Collecting homogenized vectors: modify iterator vs modify collector

Nemo is a computer algebra package for the Julia programming language. For a multivariated polynomial p there is an iterator exponent_vectors(p) whose values are vectors corresponding to the exponents of the terms of p (in some preset monomial order).
I want to collect all the exponents of a huge polynomial in the rows of a matrix and add a first column of ones (this is to compute the Newton polytope of p in Polymake.jl).
I tryed two approxes. The first is to create a new iterator with values the exponents of p with a pushed first component set to one and then collecting this new iterator. The second, create a matix of ones of the right size and collect the exponents of p in its [2:end] columns.
I observed a big performance diference, the scond is more or less two times faster than the first.
I wonder whether it is natural or maybe the problem is my naive implementation of the first approx, which, I think, is more intrincate.

struct Homogenize{I}
    itr::I
 end

homogenize(iter) = Homogenize(iter)

Base.length(h::Homogenize) = Base.length(h.itr)
Base.size(h::Homogenize) = Base.size(h.itr)
Base.eltype(::Type{Homogenize{I}}) where {I} = eltype(I)
Base.IteratorSize(::Type{Homogenize{I}}) where {I} = Base.IteratorSize(I)
Base.IteratorEltype(::Type{Homogenize{I}}) where {I} = Base.IteratorEltype(I)
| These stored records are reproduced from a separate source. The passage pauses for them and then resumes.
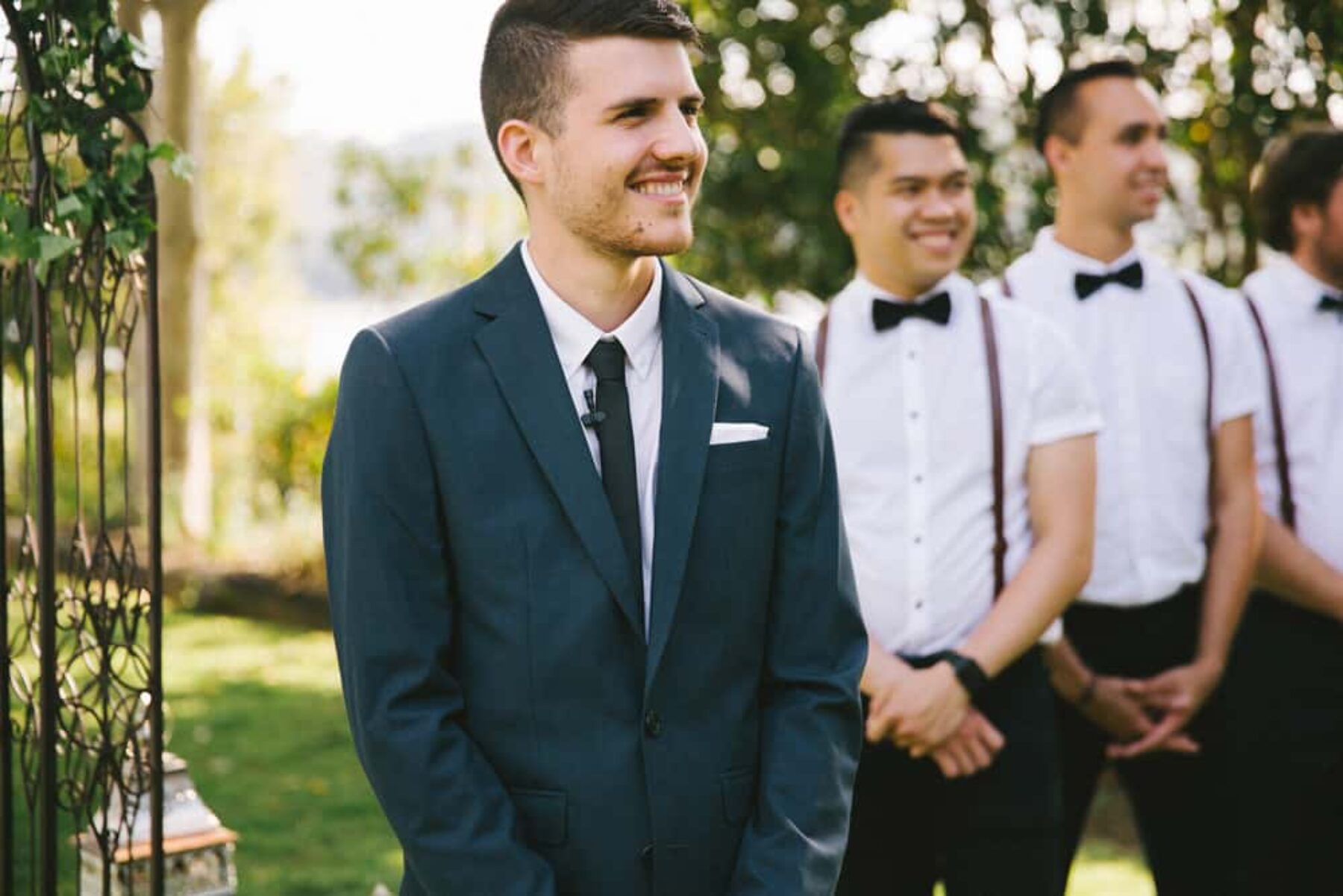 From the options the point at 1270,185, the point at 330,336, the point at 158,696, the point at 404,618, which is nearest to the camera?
the point at 404,618

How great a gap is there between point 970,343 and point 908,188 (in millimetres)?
406

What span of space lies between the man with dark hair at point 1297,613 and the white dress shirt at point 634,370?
2.21 meters

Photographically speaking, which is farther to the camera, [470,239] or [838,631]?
[470,239]

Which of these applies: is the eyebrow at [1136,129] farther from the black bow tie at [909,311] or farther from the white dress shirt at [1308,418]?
the black bow tie at [909,311]

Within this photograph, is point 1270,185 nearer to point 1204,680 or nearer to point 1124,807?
point 1204,680

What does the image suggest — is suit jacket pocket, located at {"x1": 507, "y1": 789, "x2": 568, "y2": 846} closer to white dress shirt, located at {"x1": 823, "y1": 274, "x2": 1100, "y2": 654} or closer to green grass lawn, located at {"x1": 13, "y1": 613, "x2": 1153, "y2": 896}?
white dress shirt, located at {"x1": 823, "y1": 274, "x2": 1100, "y2": 654}

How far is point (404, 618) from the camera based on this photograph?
2070 millimetres

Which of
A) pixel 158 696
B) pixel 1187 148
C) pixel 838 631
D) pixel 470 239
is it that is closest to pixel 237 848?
pixel 158 696

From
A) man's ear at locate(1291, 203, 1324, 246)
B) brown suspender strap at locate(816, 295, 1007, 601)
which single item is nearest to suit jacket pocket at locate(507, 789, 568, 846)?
brown suspender strap at locate(816, 295, 1007, 601)

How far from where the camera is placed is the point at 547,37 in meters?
2.13

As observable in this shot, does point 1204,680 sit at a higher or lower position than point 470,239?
lower

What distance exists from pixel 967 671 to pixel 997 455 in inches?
19.5

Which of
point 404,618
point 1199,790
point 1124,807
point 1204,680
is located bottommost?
point 1124,807

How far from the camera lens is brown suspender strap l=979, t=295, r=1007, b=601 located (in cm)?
323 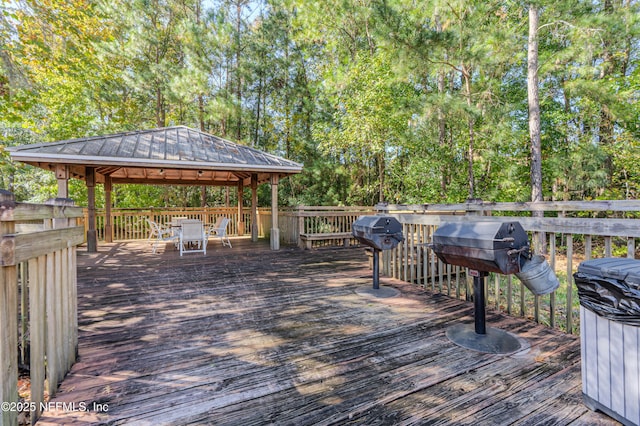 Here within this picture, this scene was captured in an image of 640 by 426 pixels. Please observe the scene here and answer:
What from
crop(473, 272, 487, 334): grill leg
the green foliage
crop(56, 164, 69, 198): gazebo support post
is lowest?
crop(473, 272, 487, 334): grill leg

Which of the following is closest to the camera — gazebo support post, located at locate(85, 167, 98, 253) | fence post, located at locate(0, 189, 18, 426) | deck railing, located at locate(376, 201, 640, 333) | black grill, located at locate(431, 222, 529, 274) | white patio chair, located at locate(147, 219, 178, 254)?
fence post, located at locate(0, 189, 18, 426)

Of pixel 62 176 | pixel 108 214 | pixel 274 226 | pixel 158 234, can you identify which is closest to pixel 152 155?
pixel 62 176

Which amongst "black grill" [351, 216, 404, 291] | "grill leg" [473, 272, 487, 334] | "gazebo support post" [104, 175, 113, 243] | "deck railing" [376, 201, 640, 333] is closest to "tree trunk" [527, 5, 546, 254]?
"deck railing" [376, 201, 640, 333]

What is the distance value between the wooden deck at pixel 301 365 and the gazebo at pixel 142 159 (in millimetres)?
3600

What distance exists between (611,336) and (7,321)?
2947 millimetres

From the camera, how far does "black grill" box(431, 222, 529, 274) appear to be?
2.11m

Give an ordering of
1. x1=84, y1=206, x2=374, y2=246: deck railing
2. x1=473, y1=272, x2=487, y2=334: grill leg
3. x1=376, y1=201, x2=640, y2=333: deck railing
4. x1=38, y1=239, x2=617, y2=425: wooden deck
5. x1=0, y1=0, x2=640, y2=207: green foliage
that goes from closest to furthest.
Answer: x1=38, y1=239, x2=617, y2=425: wooden deck
x1=376, y1=201, x2=640, y2=333: deck railing
x1=473, y1=272, x2=487, y2=334: grill leg
x1=0, y1=0, x2=640, y2=207: green foliage
x1=84, y1=206, x2=374, y2=246: deck railing

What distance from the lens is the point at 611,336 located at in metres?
1.46

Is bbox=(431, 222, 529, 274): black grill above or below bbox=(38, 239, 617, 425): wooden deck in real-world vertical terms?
above

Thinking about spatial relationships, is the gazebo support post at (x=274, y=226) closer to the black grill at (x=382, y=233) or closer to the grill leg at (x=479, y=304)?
the black grill at (x=382, y=233)

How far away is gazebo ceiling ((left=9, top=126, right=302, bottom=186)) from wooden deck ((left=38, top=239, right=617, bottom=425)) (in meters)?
3.59

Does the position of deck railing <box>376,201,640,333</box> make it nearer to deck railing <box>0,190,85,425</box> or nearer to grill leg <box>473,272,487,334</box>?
grill leg <box>473,272,487,334</box>

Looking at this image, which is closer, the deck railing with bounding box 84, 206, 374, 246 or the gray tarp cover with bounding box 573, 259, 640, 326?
the gray tarp cover with bounding box 573, 259, 640, 326

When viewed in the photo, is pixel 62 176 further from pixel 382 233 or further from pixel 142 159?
pixel 382 233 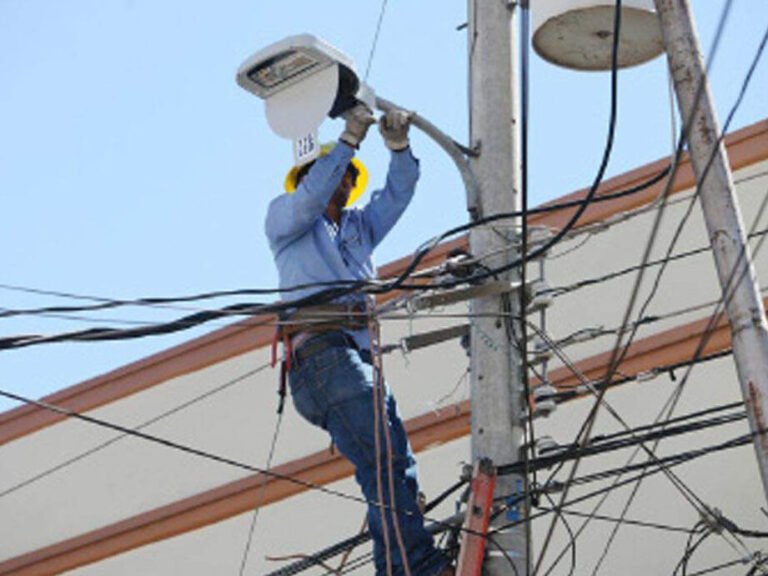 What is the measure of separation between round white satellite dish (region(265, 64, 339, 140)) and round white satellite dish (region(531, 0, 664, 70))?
1.06 metres

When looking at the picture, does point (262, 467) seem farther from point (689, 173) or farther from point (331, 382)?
point (331, 382)

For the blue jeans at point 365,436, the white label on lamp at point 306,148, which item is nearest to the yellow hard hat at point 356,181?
the white label on lamp at point 306,148

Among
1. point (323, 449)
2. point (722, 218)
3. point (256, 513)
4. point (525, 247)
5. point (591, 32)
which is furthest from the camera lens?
point (256, 513)

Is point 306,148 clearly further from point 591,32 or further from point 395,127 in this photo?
point 591,32

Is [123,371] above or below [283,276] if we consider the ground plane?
above

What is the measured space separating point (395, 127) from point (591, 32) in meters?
1.04

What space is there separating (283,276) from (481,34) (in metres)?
1.59

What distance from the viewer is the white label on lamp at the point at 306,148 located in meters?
8.44

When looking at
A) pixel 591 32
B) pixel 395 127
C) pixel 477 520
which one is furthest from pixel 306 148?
pixel 477 520

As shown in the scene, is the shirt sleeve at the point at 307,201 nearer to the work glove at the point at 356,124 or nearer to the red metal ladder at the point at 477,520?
the work glove at the point at 356,124

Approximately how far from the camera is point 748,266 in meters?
7.43

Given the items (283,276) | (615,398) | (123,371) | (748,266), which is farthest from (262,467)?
(748,266)

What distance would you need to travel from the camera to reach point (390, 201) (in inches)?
357

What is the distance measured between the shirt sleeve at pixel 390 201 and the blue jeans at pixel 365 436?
825mm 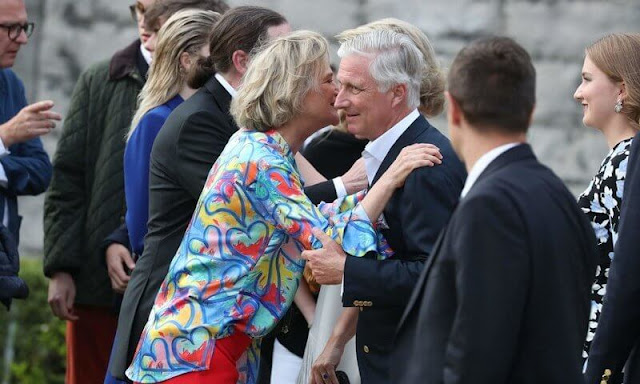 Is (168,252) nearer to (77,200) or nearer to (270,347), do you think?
(270,347)

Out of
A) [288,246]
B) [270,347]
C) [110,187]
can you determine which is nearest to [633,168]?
[288,246]

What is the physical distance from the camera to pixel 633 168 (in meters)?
3.78

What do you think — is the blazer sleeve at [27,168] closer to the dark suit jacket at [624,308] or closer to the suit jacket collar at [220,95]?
the suit jacket collar at [220,95]

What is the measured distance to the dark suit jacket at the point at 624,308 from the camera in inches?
144

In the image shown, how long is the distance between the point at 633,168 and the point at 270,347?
1399mm

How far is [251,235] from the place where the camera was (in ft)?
12.4

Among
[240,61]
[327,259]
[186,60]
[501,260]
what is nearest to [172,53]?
[186,60]

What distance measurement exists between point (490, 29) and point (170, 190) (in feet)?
12.9

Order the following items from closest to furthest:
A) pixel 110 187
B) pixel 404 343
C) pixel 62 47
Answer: pixel 404 343, pixel 110 187, pixel 62 47

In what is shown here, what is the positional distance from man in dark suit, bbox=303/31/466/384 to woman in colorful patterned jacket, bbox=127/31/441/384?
0.17ft

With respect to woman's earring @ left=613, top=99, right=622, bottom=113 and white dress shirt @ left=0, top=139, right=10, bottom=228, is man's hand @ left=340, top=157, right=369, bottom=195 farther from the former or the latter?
white dress shirt @ left=0, top=139, right=10, bottom=228

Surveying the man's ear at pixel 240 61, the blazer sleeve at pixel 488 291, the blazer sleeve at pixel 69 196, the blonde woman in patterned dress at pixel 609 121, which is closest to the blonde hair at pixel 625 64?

Base.@propagate_inbounds function Base.iterate(h::Homogenize, state)
    n = iterate(h.itr, state...)
    n === nothing && return n
    return [oneunit(Base.eltype(n[1])); n[1]], n[2]
end

Base.@propagate_inbounds function Base.iterate(h::Homogenize)
    n = iterate(h.itr)
    n === nothing && return n
    return [oneunit(Base.eltype(n[1])); n[1]], n[2]
end
function collect_homoiter(iter)
    ## First iteration outside the loop to prealocate v
    (u, state) = iterate(iter)
    ## Prealocate v
    v = ones(eltype(u), size(u,1)+1, length(iter))
    # v = Matrix{eltype(u)}(undef, size(u,1)+1, length(iter))
    # v[1,:] .= one(eltype(u))
    v[2:end,1] = u
    next = iterate(iter, state)
    ## Start the loop
    while next !== nothing
        (u, state) = next
        v[2:end,state] = u
        next = iterate(iter, state)
    end
    return transpose(v)
end
julia> using BenchmarkTools

julia> M = rand(100,1000);

julia> @benchmark transpose(reduce(hcat,collect(homogenize(eachrow(M)))))

BenchmarkTools.Trial: 
  memory estimate:  1.63 MiB
  allocs estimate:  2404
  --------------
  minimum time:     554.539 μs (0.00% GC)
  median time:      590.871 μs (0.00% GC)
  mean time:        668.858 μs (7.42% GC)
  maximum time:     3.596 ms (73.20% GC)
  --------------
  samples:          7422
  evals/sample:     1

julia> @benchmark collect_homoiter(eachrow(M))
BenchmarkTools.Trial: 
  memory estimate:  786.92 KiB
  allocs estimate:  106
  --------------
  minimum time:     292.677 μs (0.00% GC)
  median time:      317.791 μs (0.00% GC)
  mean time:        338.971 μs (4.16% GC)
  maximum time:     1.498 ms (63.73% GC)
  --------------
  samples:          10000
  evals/sample:     1

julia> transpose(reduce(hcat,collect(homogenize(eachcol(M))))) == collect_homoiter(eachcol(M))
true

I think the problem with the first implementation is that you are allocating too many temporary arrays in the iterate function. One option would be to do

Base.@propagate_inbounds function Base.iterate(h::Homogenize, state)
    n = iterate(h.itr, state...)
    n === nothing && return n
    return pushfirst!(Vector(n[1]), oneunit(Base.eltype(n[1]))), n[2]
end

This does not work with your toy example (since once cannot push into the slices of a matrix), but I think in Nemo the exponent vectors are proper arrays, so this would work.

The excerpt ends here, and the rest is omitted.